By Times staff writer
© St. Petersburg Times, published March 14, 2001
Tennessee concerned about defensive play
KNOXVILLE, Tenn. -- The NCAA Tournament has yet to tip off, and top-seed Tennessee already is playing from behind.
The Vols open against Austin Peay on Friday as part of a Mideast Region doubleheader at Thompson-Boling Arena with a revamped offense that may have cost defensive strength.
Tennessee spent a great deal of practice this season overhauling its offense to improve scoring balance. That was time away from the usual amount of drill work on defense.
"We're playing catch-up on that end," assistant Mickie DeMoss said.
The new offense hasn't turned the Vols into defensive slackers. The opposition averaged 61.6 points per game and shot 37.4 percent.
However, the NCAA Tournament puts a greater premium on airtight defense. By their admission, the Vols can feel a breeze blowing through their defense.
DeMoss described Tennessee's pressure defense as "inconsistent." Guard Kara Lawson said the zone alignment has been a "big liability," affecting the effectiveness at changing defenses.
Coach Pat Summitt was left to play the optimist, saying, "I feel better about our defense right now than I have all year."
Summitt's goal is to have five dependable defenders on the court at key moments. And just who might they be? "I have to determine that in the course of a game," she said.
BEAST OF AN EAST: Andy Landers thinks that in his 22 years of coaching Georgia he has seen just about everything.
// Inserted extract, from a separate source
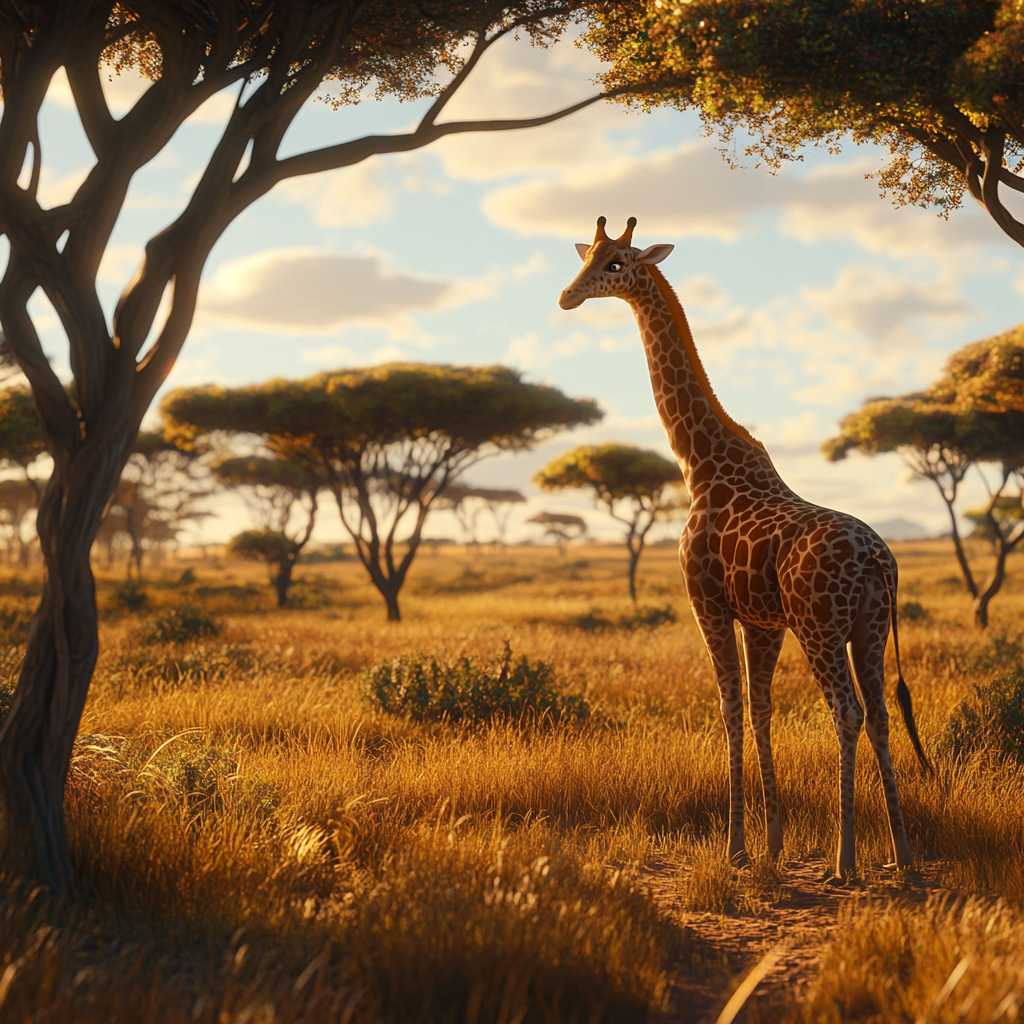 Zuma the giraffe stands majestically under bright sunny sky.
That said, he couldn't quite believe it when he realized the Bulldogs didn't get a No. 1 seed.
When the selection show went to a commercial, Landers tried to figure out where his team would be placed.
"I think traditional thinking would be that a hair was split between Duke and Georgia," he said. "So logical thinking, in my mind, would be that Georgia and Duke would be in the same region because that would make us the four and the five overall."
And then the rest of the bracket was revealed, showing the Bulldogs had been awarded the No. 2 seed in the East Region, behind Connecticut.
"I didn't really have a reaction to it," Landers said. "As I've said before, I'm past being surprised."
Which doesn't mean there aren't plenty of questions about the East Region.
Behind No. 1 seed Connecticut, which finished the regular season as the top-ranked team, are Georgia, Louisiana Tech, North Carolina State, Villanova and Penn State, a lineup that caused Summitt to say of the region, "It's loaded. Absolutely loaded."
How did Georgia wind up in the same region as Connecticut?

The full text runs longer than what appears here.